A risk-based pricing notice must tell the consumer:

  • that a consumer report includes information about the consumer’s credit history and the type of information included in that history
  • the terms offered were based on information from a consumer report
  • the terms offered may be less favorable than those offered to consumers with better credit histories
  • to make sure the information in their consumer report is accurate, and that they have the right to dispute information that’s inaccurate
  • the identity of each CRA that furnished a consumer report used in the credit decision
  • that federal law gives the consumer the right to a free copy of a consumer report from the CRA(s) identified in the notice for 60 days after the consumer got the notice;
  • how to get a consumer report from the CRA with contact information (including a toll-free number, where applicable) for the CRA
  • to visit the website of the Consumer Financial Protection Bureau for more information about consumer reports; Rule § 640.4(a)(1) 1


If you use credit scores, special requirements apply. If you get and use one credit score in your determination, you must include the information below. If you get two or more credit scores and use only one in your determination — for example, the low, middle, high, or most recent score — you must include the score used and the information below in your notice. If you get and use two or more credit scores — for example, if you average the scores — you must include at least one of the scores and the information below. You may include more than one of the scores you used, but you must include the information below for each score.

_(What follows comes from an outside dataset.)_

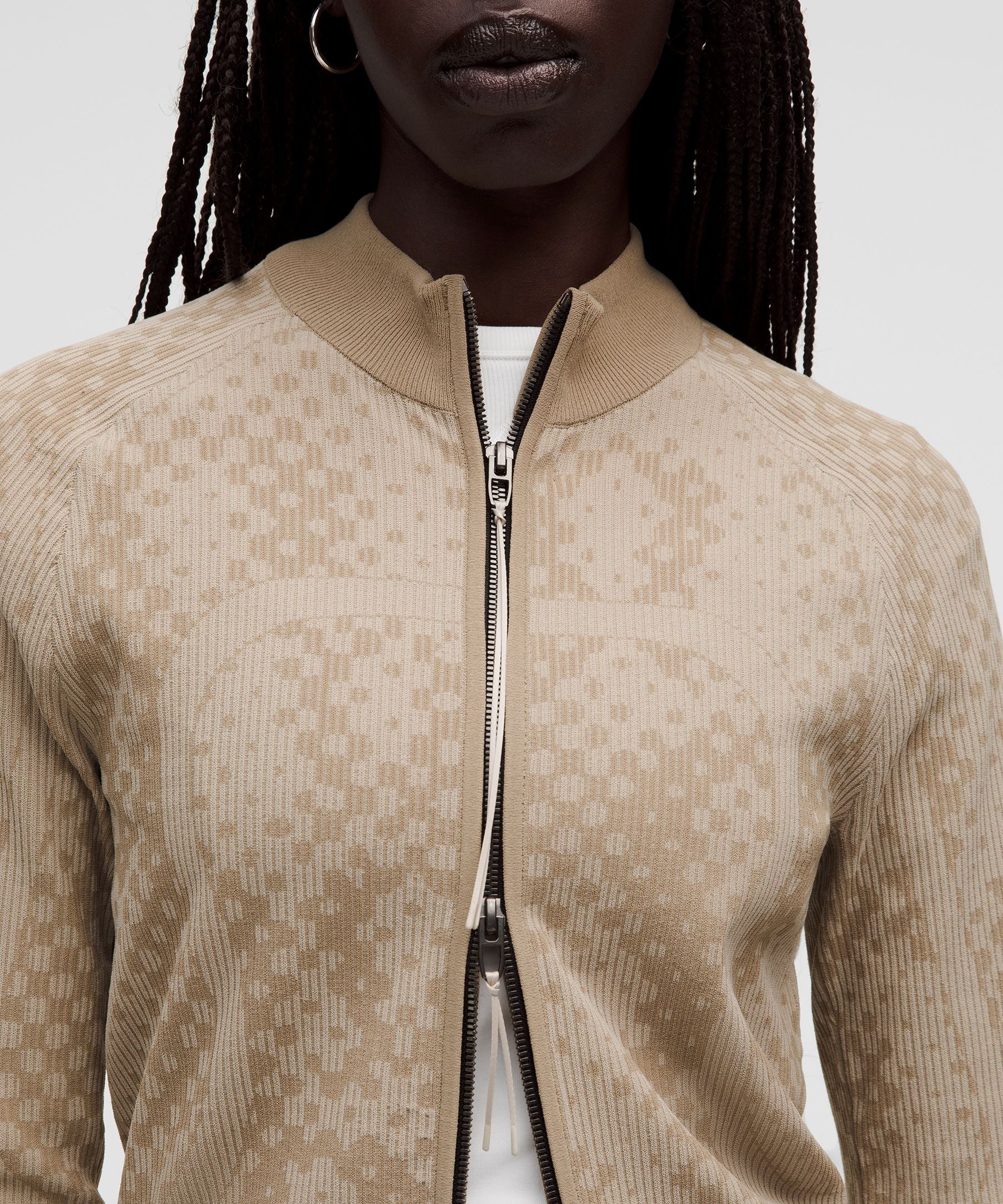 Two-Tone Fitted Full-Zip Sweater *SLNSH Collection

  • that a credit score is a number based on information in a consumer report, that the consumer’s credit score was used to set the terms of credit offered, and that a credit score can change over time to reflect changes in the consumer’s credit history
  • the credit score you used to make your credit decision
  • the range of possible credit scores under the model used to generate the credit score
  • four of the key factors that adversely affected the credit score; if one of the key factors was the number of inquiries to the consumer’s report, you must list five key factors
  • the date the credit score was created
  • the name of the CRA or person who provided the credit score

For a risk-based pricing notice following an account review, include all the relevant terms above except the statement that the terms offered may be less favorable than those offered to people with better credit histories, as well as statements that: 

  • an account review was conducted using information from a consumer report
  • as a result of the review, the APR rate on the account increased. Rule § 640.4(a)(2)

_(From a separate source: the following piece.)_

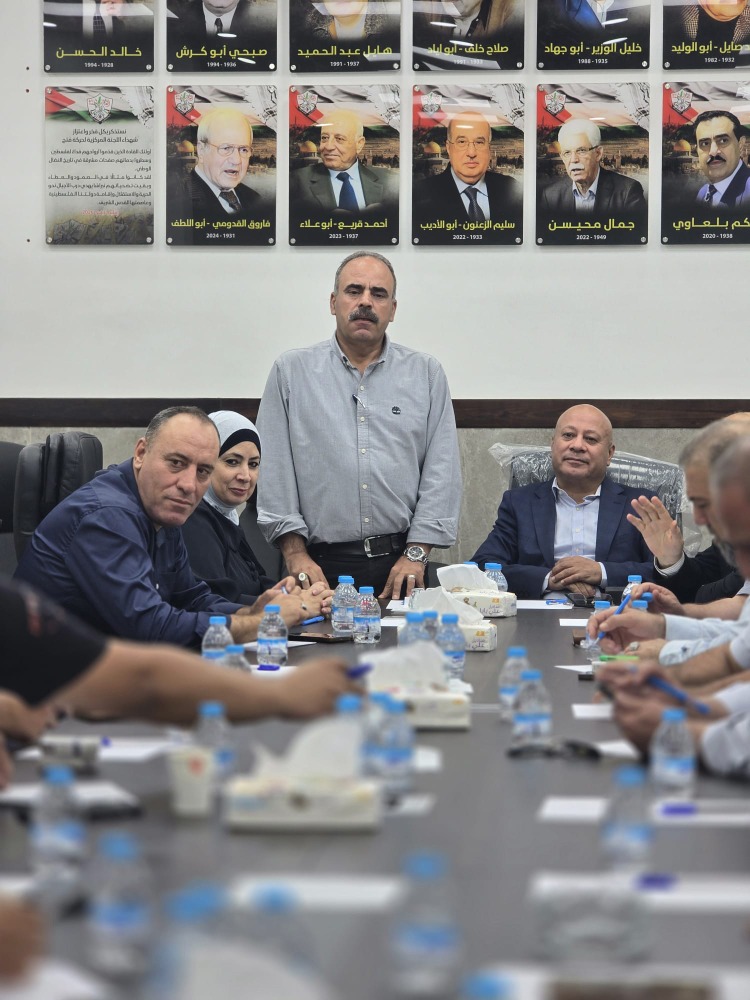 أبو هولي يبحث في نابلس الاستعدادات الانتخابية لـ"فتح" وتعزيز دور المخيمات في حماية المشروع الوطني وقضية اللاجئين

Credit Score Disclosure Exception

You can satisfy the requirements of the Risk-Based Pricing Rule by giving a credit score notice to every consumer, regardless of the terms on which you granted them credit. The notice must include the person’s credit score and information about credit and credit scores. Rule § 640.5(e) Unlike other risk-based pricing notices, a credit score disclosure must be in writing and separate from other information; it also must be clear and conspicuous. Rule § 640.5(e)(2) You must send the notice as soon as practicable after you request the credit score from a CRA. Timing is outlined above in “When Should Consumers Be Notified?” Rule § 640.5(e)(3)

If you get two or more credit scores and use only one of them in your determination, like the low, middle, high, or most recent score, your notice must include the score you used and the information below. If you get and use two or more credit scores — say you average the scores — your notice must include at least one of the scores and the information below. You may include more than one of the scores you used, but you must include the information below for each score. Rule § 640.5(e)(4) If you don’t use a credit score to make your decision, you may buy a score and the required score distribution and other contextual information about that score from a source that regularly sells credit scores.

Special rules apply for mortgages and other extensions of credit secured by one to four units of residential real property. Consult Rule § 640.5(d) for more information.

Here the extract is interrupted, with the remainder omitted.